Question

At noon ​(t=​0), Alicia starts walking along a​ long, straight road at 4 ​mi/hr. Her velocity decreases according to the function ​v(t)=4​/(t+1​) for t≥0. At​ noon, Boris also starts walking along the same road with a 3​-mi head start on​ Alicia; his velocity is given by ​u(t)=2​/(t+1​) for t≥0. a. Find the position functions for Alicia and​ Boris, where s=0 corresponds to​ Alicia's starting point. b.​ When, if​ ever, does Alicia overtake​ Boris?

Answer 1

The position function for Alicia is s(t) = 4ln(t+1), and for Boris it is r(t) = 2ln(t+1) + 3. Alicia overtakes Boris at around t ≈ 3.482 hours.

Step-by-step explanation:

To find the position functions for Alicia and Boris, we need to integrate their respective velocity functions over time. For Alicia, the velocity function is v(t) = 4/(t+1).

Integrating this gives us the position function s(t) = 4ln(t+1) + C, where C is a constant of integration. Since Alicia starts at s = 0 at t = 0, we have C = 0, so the position function for Alicia is s(t) = 4ln(t+1).

For Boris, his velocity function is u(t) = 2/(t+1). Integrating this gives us the position function r(t) = 2ln(t+1) + D, where D is a constant of integration. Since Boris starts with a 3-mi head start, we have r(0) = 3.

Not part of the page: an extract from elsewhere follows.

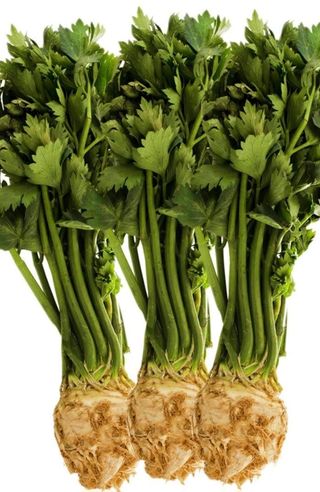 Telina cu frunza / buc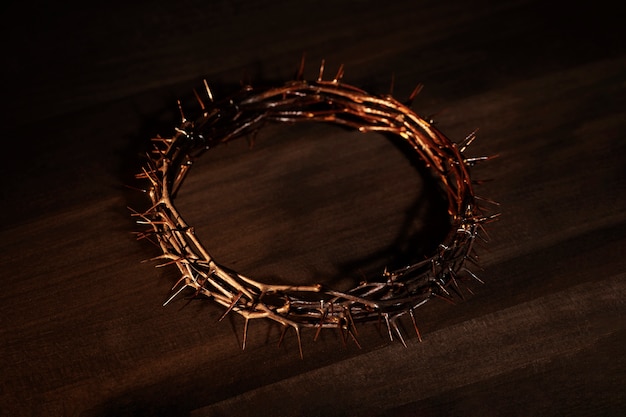 Free photo still life of crown of thorns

Plugging this into the position function gives us D = 3, so the position function for Boris is r(t) = 2ln(t+1) + 3.

To determine when Alicia overtakes Boris, we need to find the time t such that s(t) = r(t). Setting 4ln(t+1) = 2ln(t+1) + 3 and solving for t gives us t = e^(3/2) - 1 ≈ 3.482.

Therefore, Alicia overtakes Boris at around t ≈ 3.482 hours.